Last year first ever openSUSE Summit Asia took place in Beijing. From all the reports it sounded really awesome and I regretted that I couldn’t go. This year, I was lucky enough to manage to go. I was selected to do a board keynote and I got some of my travel expenses sponsored by Travel Support Programme (big thanks!). So how was this years openSUSE Summit Asia from my point of view? In short, amazing 🙂 In long, read on…
Let’s start with my Taiwan trip. I have never been to Taiwan before and visiting this country, which is quite different from my homeland, was by itself amazing. Lot of small shops everywhere, old and new temples between modern shopping centers, scooters everywhere, free WiFi in turistic places in Taipei… And friendly people everywhere. One really handy thing I noticed is that on every underground station, some buses and on few other places as well are recharging stations for your notebooks/cellphones. It is only starting to happen in my home town and in past I had several occasions when I could really use something like that.
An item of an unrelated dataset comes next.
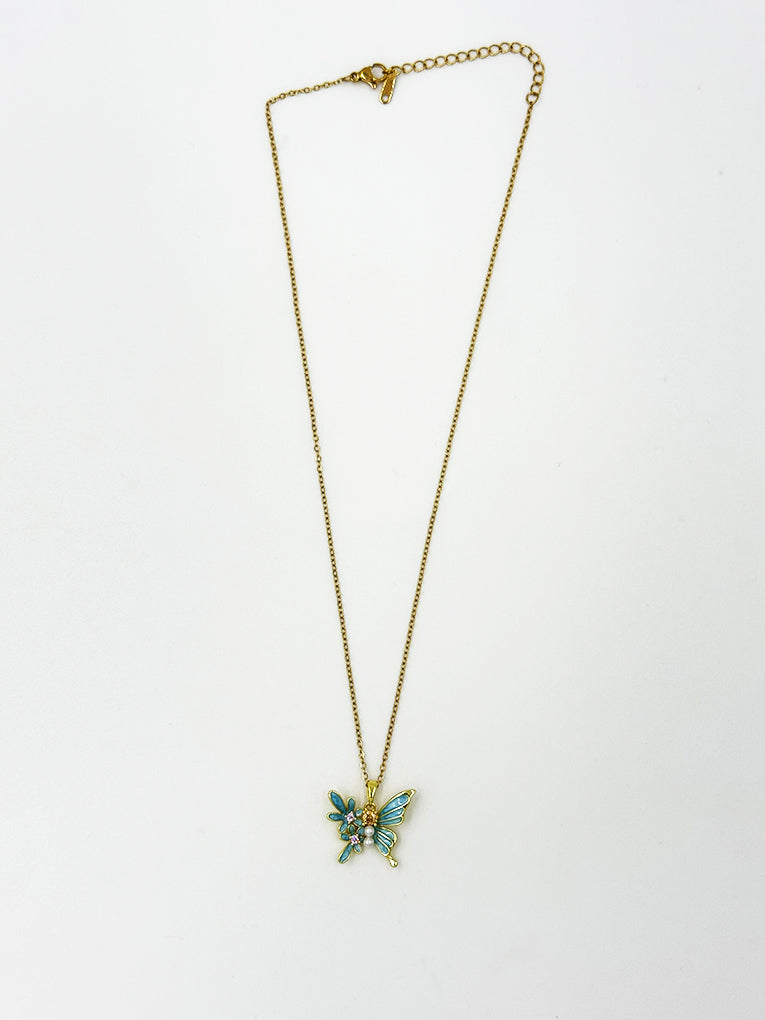 Minimalist Vanya Necklace for Girls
In Taipei, quite often you can see people recharging their devices so they can continue travelling 🙂 Other really interesting thing is kinda Foursquare predecessor. On plenty of places, you have a rubber stamp that you can use to put a mark in your log. On underground stations, all tourist offices, tourist attractions and more. So as you are travelling, you have a log of places you have been to. Really interesting comparing to all the high-tech stuff you see all around. I could go on how amazing Taiwan was from tourists point of view, but lets get to the main reason I was there – openSUSE Summit Asia.
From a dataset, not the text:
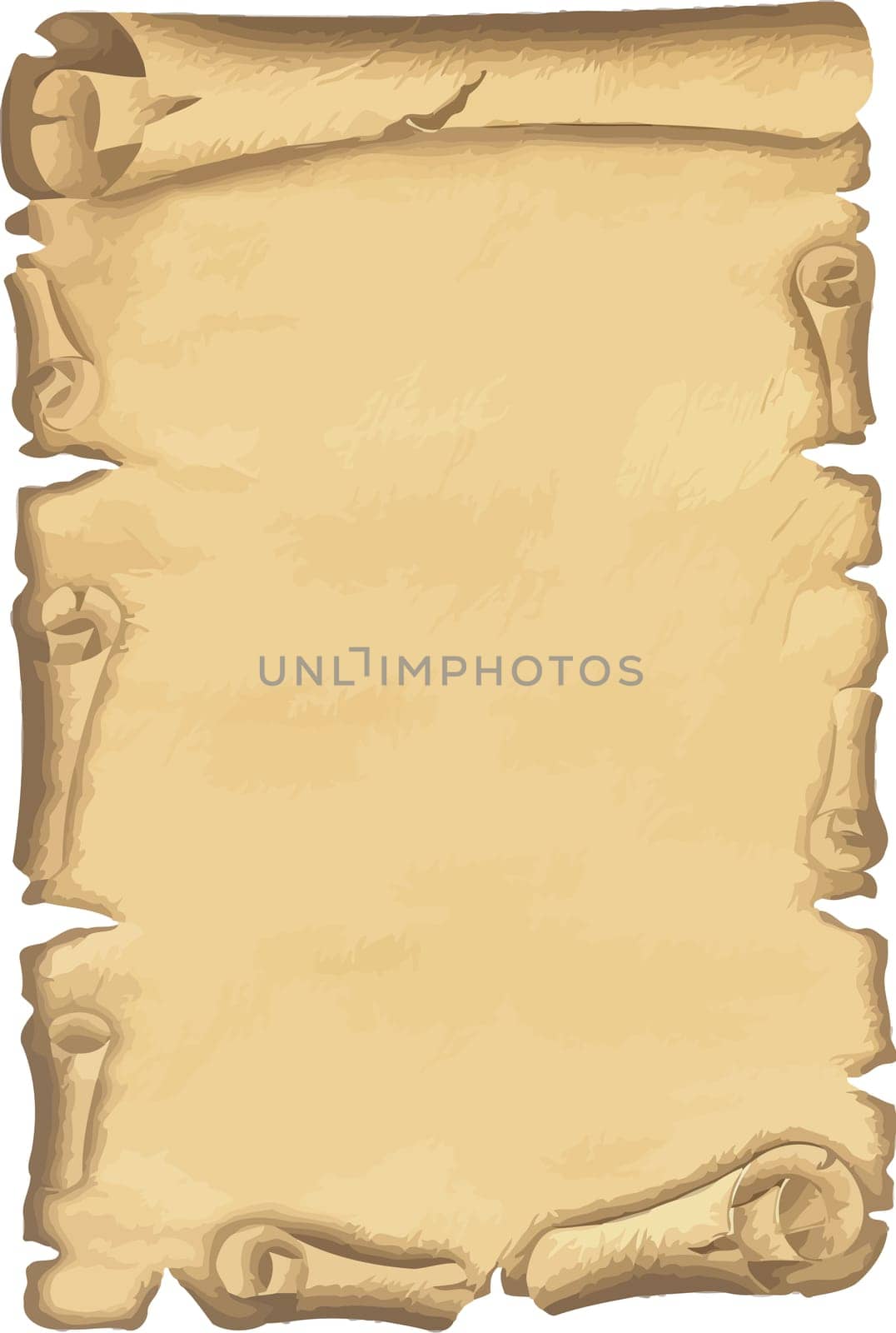 Papyrus vector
Everything started on Friday by openSUSE Leap release party. It was combined with Ubuntu party. Both communities mixed well together and it was obvious that they know each other well and are friends. As everywhere in Taiwan, everybody was really friendly. I met there guy from Canonical who had Ubuntu phone, I showed him my Jolla, he showed me his Ubuntu phone, we talked and I was giving it some thoughts. I was thinking about what to buy as my next phone as Jolla was in deep troubles back than. Luckily they are now out of the dark, so I can look forward to next Jolla phone, but Ubuntu phone is still interesting especially as it can be probably converted into openSUSE phone 🙂 There was some talking in Chinese by the host that everybody seemed to enjoy and then lightning talks. One Debian guy did a presentation of C web framework. After that I stepped up and did presentation of my favourite C++ web framework afterwards. We had some pizza, some local food, something to drink and even birthday celebration of one of the community members. It was a lot of fun.
During the weekend was the summit itself. There was plenty of talks and workshops, some of it in Chinese, some of it in English. I did the keynote on behalf of openSUSE Board. Than I tried attending the Chinese workshop, but I got lost quite quickly, so I ended up following only the English part of the track. Regardless, there were some really interesting talks. One I would like to stress out is the talk that emphasises the importance of summit in Asia. There was a talk and long discussion regarding input methods. I found out that input methods varies a lot. Some uses English transcription, some maps keys on English keyboard to some Chinese signs, not sure whether full characters. But it varies a lot and it is not that easy to set it up. Now it is easier thanks to Chameleon tongue 🙂 And it is a type of problem, that is not that interesting in Europe/America, but is really important in Asia.
Apart from talks, there was as on every conference a lot of talks in the corridor and connecting with people and making new friends. We even had a visit from lizardy mascot 🙂 I learned what to visit on Taiwan, where to buy stuff, how is the conference infrastructure setup, that there is ongoing effort to publish openSUSE Japanese magazine and much more. I was a lot of fun. As a proof of how much fun was it, you can take a look at the pictures taken during the conference.